Lobbies et élus locaux : les propositions de la Haute Autorité de transparence de la vie publique

Pour mieux encadrer la représentation d'intérêts, le répertoire des lobbies est élargi, en juillet 2022, à l'échelon local. Mais, selon le dernier rapport de la Haute Autorité de transparence de la vie publique (HATVP), cette extension du contrôle des lobbies auprès des élus locaux nécessite des aménagements.

Deux hommes face-à-face derrière des vitres.
L’extension du dispositif aux collectivités territoriales porterait sur les actions menées auprès des maires, présidents d'intercommunalités et directeurs de services dans les collectivités de plus de 20 000 habitants. © motortion - stock.adobe.com

Dans son rapport sur l'encadrement de la représentation d'intérêts, publié le 17 novembre 2021, la HATVP dresse le bilan de sa gestion depuis cinq ans du répertoire qui recense les lobbies.

Au 1er juillet 2021, quelque 2 300 entités étaient inscrites sur le répertoire et près de 40 000 activités de lobbying avaient été déclarées.

Toutefois, le renforcement de l'efficacité du dispositif appelle une extension du contrôle des lobbies agissant au niveau local.
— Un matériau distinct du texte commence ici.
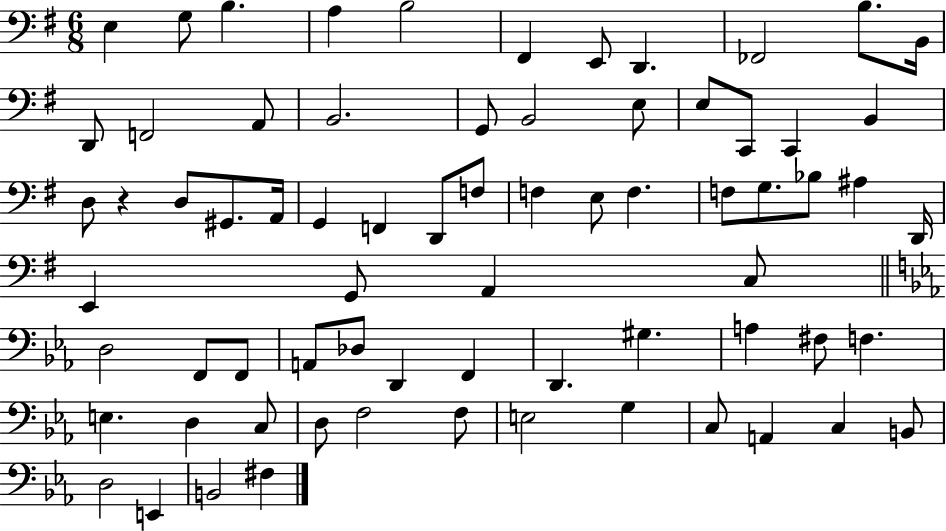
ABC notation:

X:1
T:Untitled
M:6/8
L:1/4
K:G
E, G,/2 B, A, B,2 ^F,, E,,/2 D,, _F,,2 B,/2 B,,/4 D,,/2 F,,2 A,,/2 B,,2 G,,/2 B,,2 E,/2 E,/2 C,,/2 C,, B,, D,/2 z D,/2 ^G,,/2 A,,/4 G,, F,, D,,/2 F,/2 F, E,/2 F, F,/2 G,/2 _B,/2 ^A, D,,/4 E,, G,,/2 A,, C,/2 D,2 F,,/2 F,,/2 A,,/2 _D,/2 D,, F,, D,, ^G, A, ^F,/2 F, E, D, C,/2 D,/2 F,2 F,/2 E,2 G, C,/2 A,, C, B,,/2 D,2 E,, B,,2 ^F,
Des avancées "notables" en dépit d'un cadre juridique jugé trop complexe

La loi Sapin II anti-corruption de décembre 2016 a prévu que les représentants d'intérêts doivent, sous peine de sanction pénale, s'inscrire à un répertoire numérique géré par la HATVP pour rencontrer près de 11 000 décideurs publics exerçant des responsabilités nationales.

Le cadre législatif et réglementaire en vigueur est cependant source de difficultés d’appropriation par les acteurs concernés car :

  • les critères d'identification des représentants d'intérêts sont complexes ;
  • les obligations déclaratives ne répondent qu’imparfaitement aux exigences de transparence des relations entre responsables publics et représentants d’intérêts ;
  • les obligations applicables aux lobbies sont trop imprécises en l'absence d'un cadre commun et les décisions publiques visées par les lobbies insuffisamment définies dans le décret du 9 mai 2017 relatif au répertoire numérique des représentants d'intérêts.

Les enjeux d'une extension du répertoire des lobbies au niveau local

À la faveur de l’extension du dispositif aux collectivités territoriales, prévue pour le 1er juillet 2022, la Haute Autorité formule une série de 16 propositions.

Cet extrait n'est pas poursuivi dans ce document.